Além disso, a visita foi recheada de diversas gafes e declarações desastrosas. Em uma delas, o presidente afirmou que a maioria dos imigrantes brasileiros ilegais não tem boas intenções no EUA. Em um jantar com lideranças conservadoras sem nenhuma importância junto à Casa Branca, entre elas o astrólogo Olavo de Carvalho e Steve Bannon, o ex-guru de Trump, Bolsonaro afirmou que o sentido de seu governo não é construir coisas para o povo brasileiro, mas desconstruir. Afirmou ainda que o Brasil caminhava para o comunismo e que sua eleição teria representado o milagre salvacionista da nação. Fez declarações dúbias sobre a Venezuela, ao citar a capacidade bélica dos EUA para resolver a questão. Na visita à Casa Branca, não levou o chanceler Ernesto Araújo, mas sim o seu filho 03, gerando mal-estar na comitiva.

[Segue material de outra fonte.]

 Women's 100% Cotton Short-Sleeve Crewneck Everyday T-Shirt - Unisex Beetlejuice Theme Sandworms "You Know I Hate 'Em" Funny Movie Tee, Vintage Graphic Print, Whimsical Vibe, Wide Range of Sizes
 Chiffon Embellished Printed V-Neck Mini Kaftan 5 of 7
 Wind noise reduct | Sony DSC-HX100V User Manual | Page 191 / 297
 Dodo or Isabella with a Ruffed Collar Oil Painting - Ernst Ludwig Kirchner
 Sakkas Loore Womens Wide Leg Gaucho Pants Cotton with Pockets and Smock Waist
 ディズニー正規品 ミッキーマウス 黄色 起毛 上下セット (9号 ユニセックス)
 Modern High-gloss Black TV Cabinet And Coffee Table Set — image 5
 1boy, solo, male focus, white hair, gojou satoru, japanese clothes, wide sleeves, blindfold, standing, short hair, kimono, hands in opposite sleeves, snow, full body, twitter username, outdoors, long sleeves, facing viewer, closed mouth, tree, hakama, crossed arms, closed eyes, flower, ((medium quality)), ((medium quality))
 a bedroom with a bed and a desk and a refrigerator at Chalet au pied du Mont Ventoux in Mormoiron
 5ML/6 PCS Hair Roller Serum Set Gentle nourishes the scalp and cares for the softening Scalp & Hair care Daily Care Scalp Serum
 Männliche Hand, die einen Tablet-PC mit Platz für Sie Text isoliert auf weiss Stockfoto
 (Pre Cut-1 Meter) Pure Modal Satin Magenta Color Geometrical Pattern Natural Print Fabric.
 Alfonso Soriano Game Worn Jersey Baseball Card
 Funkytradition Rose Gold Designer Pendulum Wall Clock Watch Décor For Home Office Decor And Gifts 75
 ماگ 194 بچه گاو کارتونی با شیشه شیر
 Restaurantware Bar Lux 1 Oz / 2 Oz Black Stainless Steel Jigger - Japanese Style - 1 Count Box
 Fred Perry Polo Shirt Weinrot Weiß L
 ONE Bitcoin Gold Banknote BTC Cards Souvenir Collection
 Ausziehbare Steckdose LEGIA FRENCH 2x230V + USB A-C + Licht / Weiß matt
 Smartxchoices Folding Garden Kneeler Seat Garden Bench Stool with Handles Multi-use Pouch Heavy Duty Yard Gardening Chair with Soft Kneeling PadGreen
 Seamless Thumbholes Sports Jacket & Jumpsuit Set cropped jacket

Enfim, nota-se que certo núcleo do governo ainda permanece em campanha, completamente descolado da realidade e tal como o Exército de Brancaleone, inventa inimigos: o comunismo difuso, a ideologia de gênero, a Venezuela. Com isso, leva o país a acordos espúrios, exposições vexatórias e a uma vassalagem desmedida. No fim, o Brasil e o Itamaraty se apequenam e, como diria Nelson Rodrigues, nós, brasileiros, assumimos o nosso complexo de vira-latas!